_The data:_
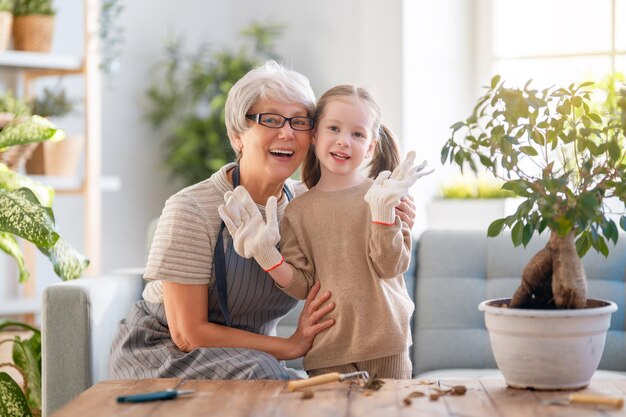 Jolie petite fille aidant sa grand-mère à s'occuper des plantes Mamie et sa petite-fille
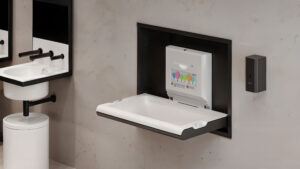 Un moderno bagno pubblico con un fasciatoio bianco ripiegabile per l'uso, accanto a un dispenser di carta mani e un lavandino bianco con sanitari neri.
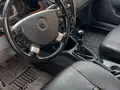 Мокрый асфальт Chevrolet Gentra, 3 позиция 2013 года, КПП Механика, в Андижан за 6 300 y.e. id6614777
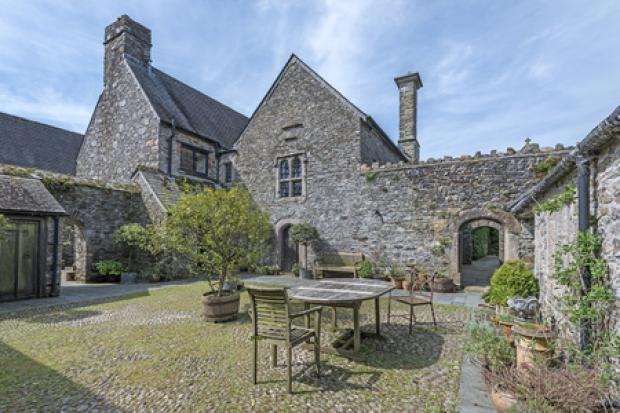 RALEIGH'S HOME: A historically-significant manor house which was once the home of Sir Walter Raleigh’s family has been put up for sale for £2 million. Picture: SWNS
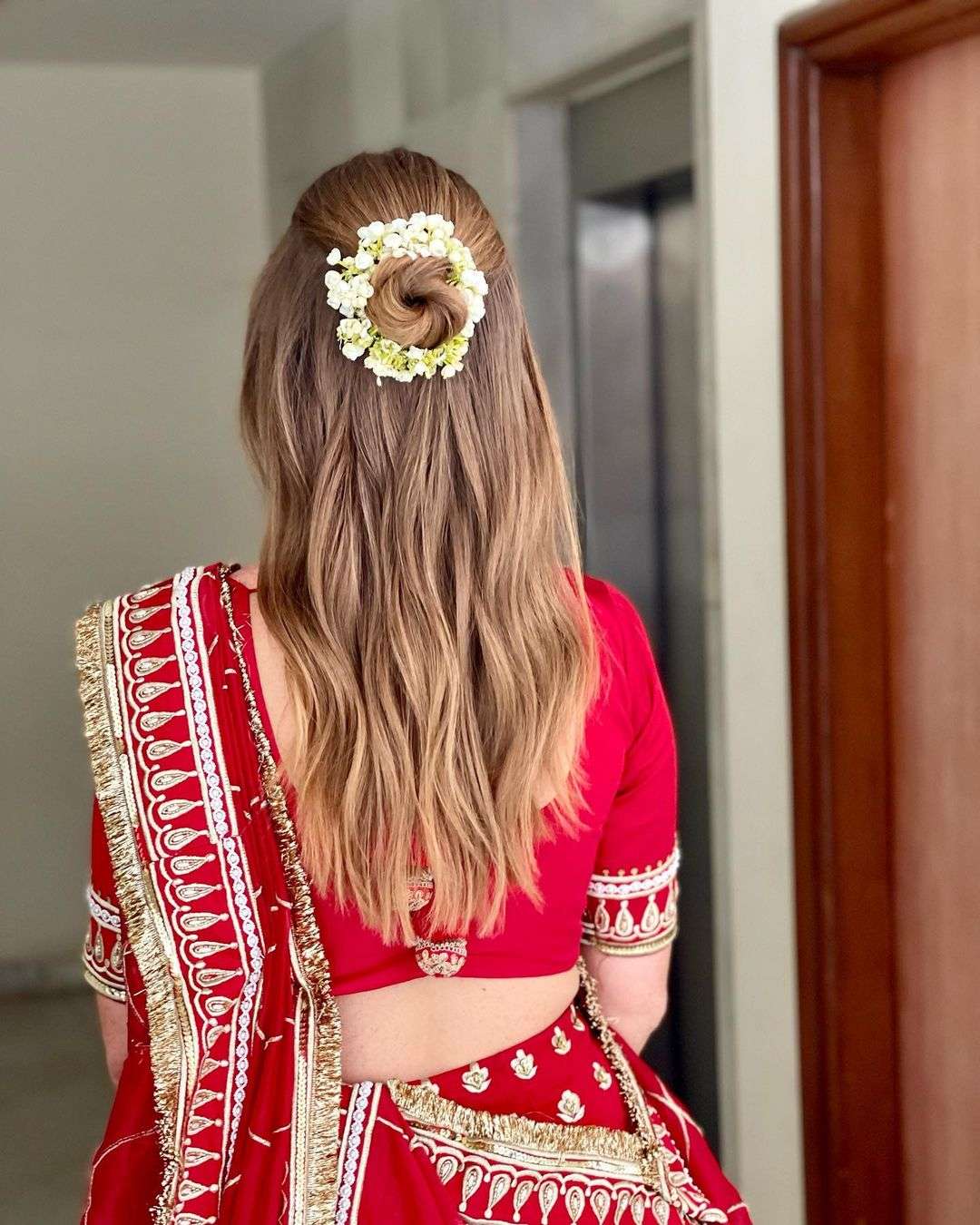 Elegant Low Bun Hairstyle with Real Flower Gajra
...
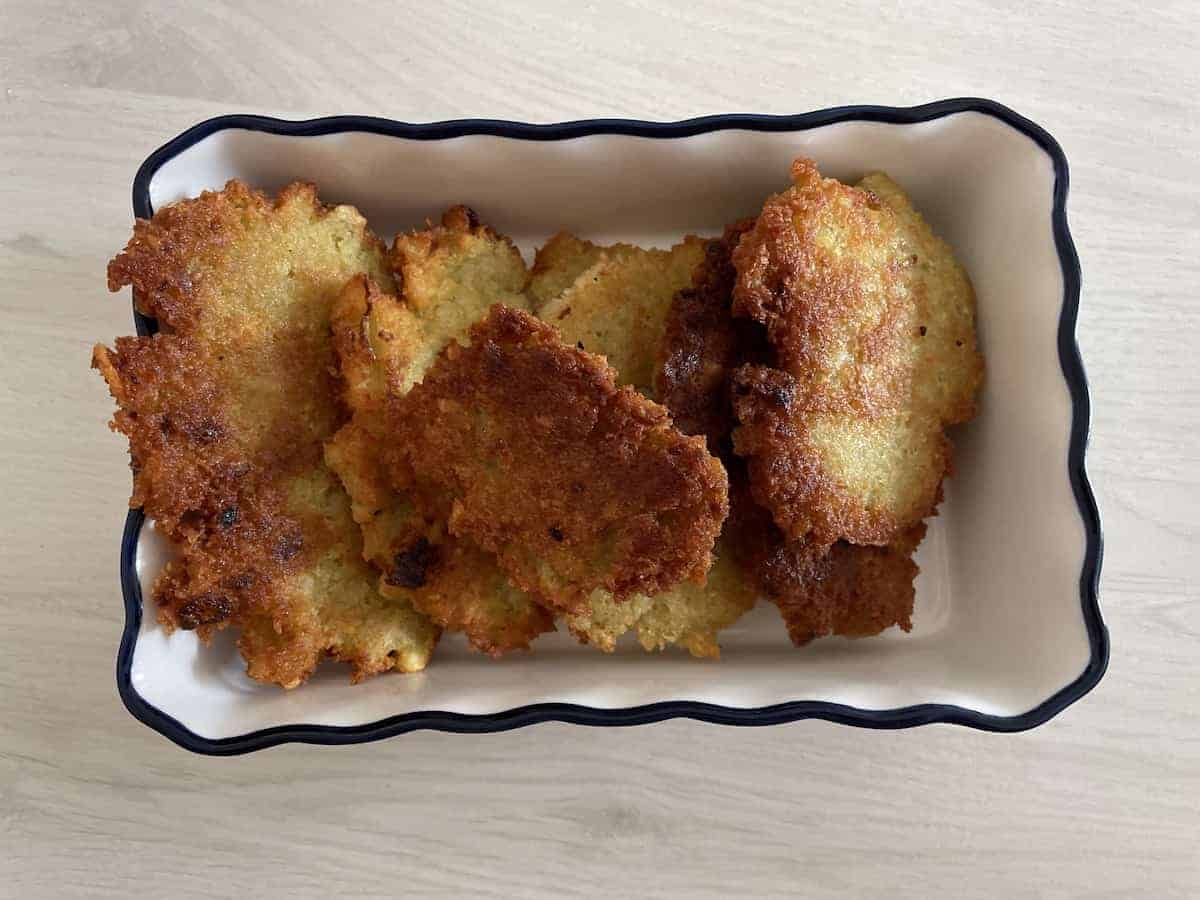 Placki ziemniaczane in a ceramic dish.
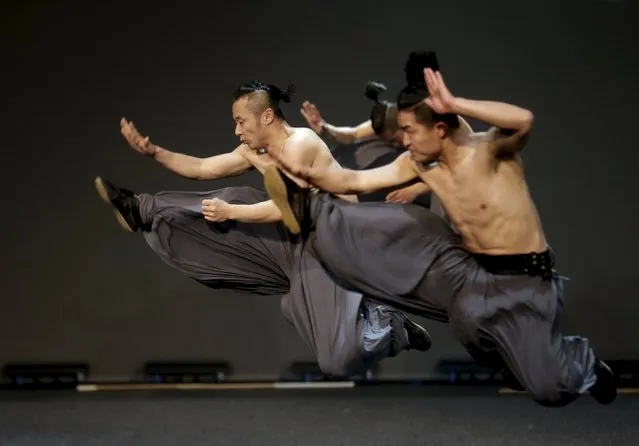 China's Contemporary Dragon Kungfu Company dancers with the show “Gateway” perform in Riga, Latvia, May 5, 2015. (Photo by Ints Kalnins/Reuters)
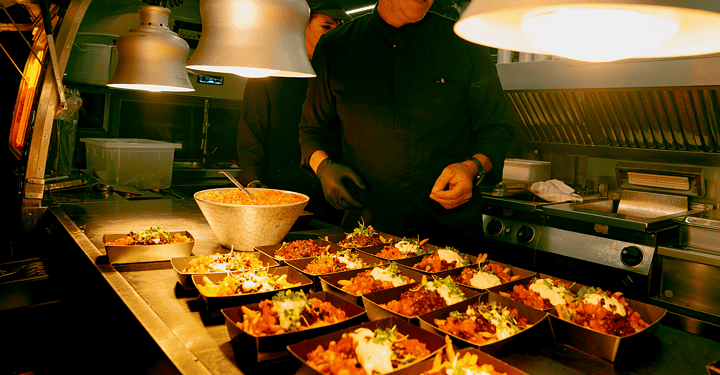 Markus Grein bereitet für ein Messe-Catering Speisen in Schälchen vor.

_Problem statement:_ Extract the part of the records that opens with the line containing "Un moderno bagno" and closes with the line containing "Elegant Low Bun". Take only those lines, exactly, and no pictures.

_Written answer:_
 Un moderno bagno pubblico con un fasciatoio bianco ripiegabile per l'uso, accanto a un dispenser di carta mani e un lavandino bianco con sanitari neri.
 Мокрый асфальт Chevrolet Gentra, 3 позиция 2013 года, КПП Механика, в Андижан за 6 300 y.e. id6614777
 RALEIGH'S HOME: A historically-significant manor house which was once the home of Sir Walter Raleigh’s family has been put up for sale for £2 million. Picture: SWNS
 Elegant Low Bun Hairstyle with Real Flower Gajra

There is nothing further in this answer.